Merita sicuramente una citazione, per impatto visivo ed originalità, Cercami tra le fragole di Elena Assi, un quadro che raffigura una figura femminile adagiata su un letto di fragole sullo sfondo di una città stilizzata: il riferimento (forse inconscio) è a Strawberry Fields Forever dei Beatles, mentre su un fabbricato alle spalle della donna campeggiano i loghi degli Who e dei Rolling Stones, a voler alludere alla già citata triade rivoluzionaria che cambiò per sempre la storia del rock.


People try to put us d-down di Francesco Biondo è invece una rilettura dell’iconico scatto di Art Kane che campeggia sulla cover di The Kids Are Alright, in cui i Quattro sonnecchiano avvolti in una coperta che ha i colori della Union Jack.

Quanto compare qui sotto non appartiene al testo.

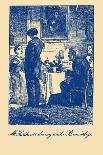Hard Times - novel by Charles Dickens-Frederick Walker-Giclee Print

Anche Monica Cristaldi ha scelto di rielaborare una copertina, quella di Who’s Next: l’elemento architettonico al centro della scena, sul quale Townshend, Daltrey, Moon ed Entwistle hanno appena lasciato traccia del loro passaggio, per così dire, diviene elemento costitutivo di una città invisibile. I Am the Sea di Jeanfilip fa invece riferimento al brano che apre Quadrophenia per riflettere sul rapporto tra uomo e natura, in un quadro di forma circolare che allude all’aprirsi e chiudersi dell’album con i suoni del mare.

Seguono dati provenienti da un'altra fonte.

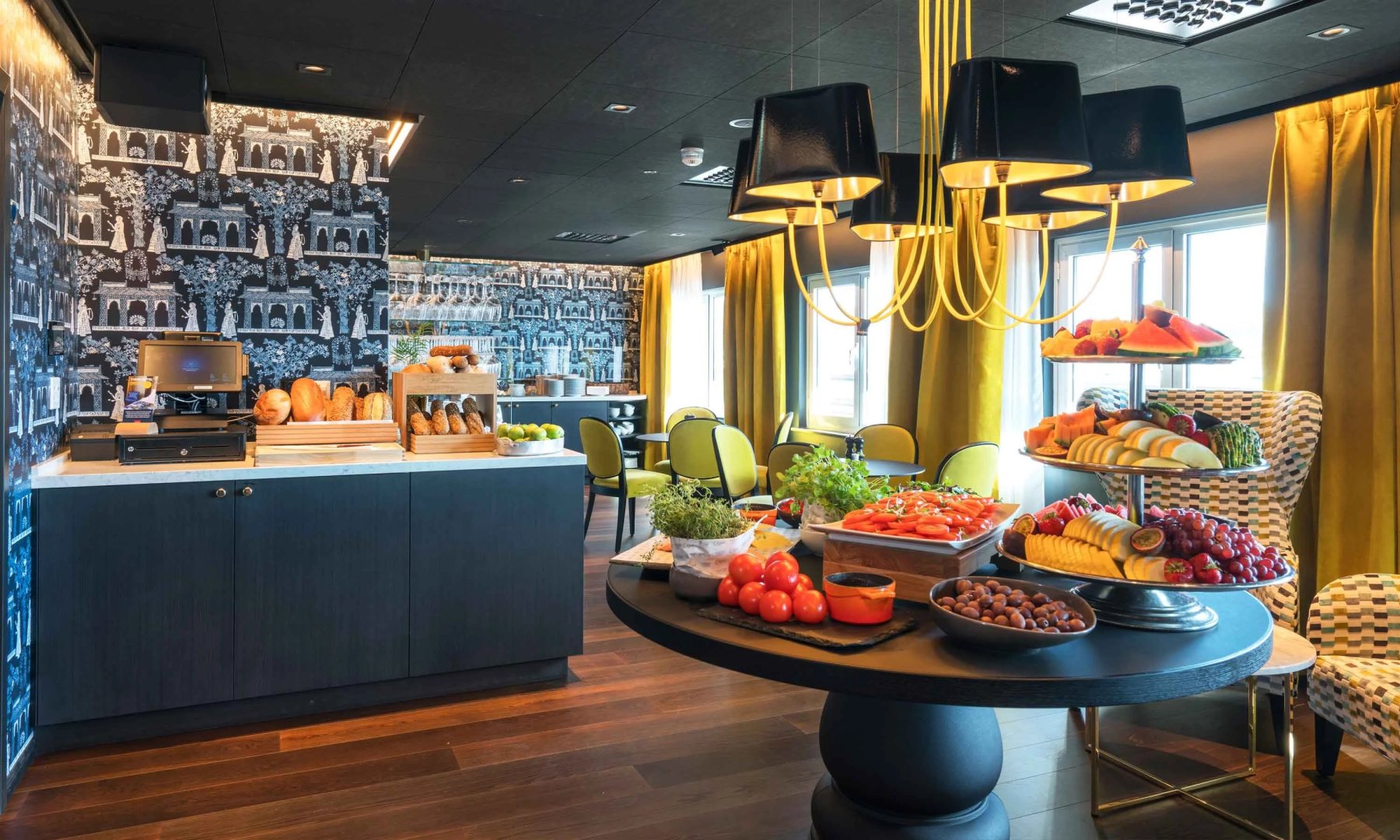 Foto - Thon Hotel Orion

Molti altri artisti hanno deciso di ritrarre singolarmente i componenti del quartetto, come Alberto De Lazzari, Sergio D’Antonio, Cinzia Fantozzi, o tutti insieme, come nel caso di Andrea Pisano, con un’opera che rimanda a Andy Warhol realizzata con interventi manuali su verniciatura digitale su alluminio, e di Silvia Rastelli: See Me, Feel Me di quest’ultima è l’unico quadro in comune tra questa mostra e quella tenutasi a Piacenza nei mesi di settembre-ottobre presso Biffi Arte e curata da Eleonora Bagarotti, giornalista, scrittrice e grandissima fan degli Who, che ha condiviso con essi (e in particolare con Townshend) numerosi momenti del loro percorso artistico e personale.


Materiali insoliti – il Tommy sordo muto cieco di Maria Cristina Limido è un tappeto costellato di occhi, il dittico Who n° 1 e n°2 di Vincenzo Lo Sasso è fatto di stampe dirette su alluminio – sono poi stati utilizzati da altri artisti, all’interno di un percorso visivo che fa appello anche ad altre sensazioni percettive.

Tra i ritratti spicca l’eco-mosaico di Lady Be, realizzato con oggetti di plastica su tavola di legno a comporre un intenso volto di Pete, dal titolo Behind Blue Eyes. La filosofia dietro l’opera è che i materiali di scarto dispersi nell’ambiente o destinati alla raccolta indifferenziata possano rinascere a nuova vita per guardare al futuro. Quello stesso futuro che Townshend in persona, in My Generation, non contemplava tra le possibilità dell’esistenza – I hope to die before I get old divenne allora il motto di molti, con vite vissute all’estremo ed abitudini anticonformiste e, a volte, autodistruttive, come nel caso dello stesso Keith Moon – ma che ora, visto il grande impatto che la musica degli Who continua ad avere, è più luminoso che mai. E quindi, anche dopo sessant’anni, è il caso di dire che The Kids Are (still) Alright.

Ricordiamo che a mostra è stata realizzata in collaborazione con l’associazione Art Marginem, mentre il catalogo è edito da Almach Art Editore e comprende diversi autorevoli contributi, come quelli dell’assessore alla cultura del Comune di Milano Tommaso Sacchi, di Eugenio Finardi, di note firme del giornalismo musicale come Guido Giazzi e Rosario Pantaleo, e di molti altri.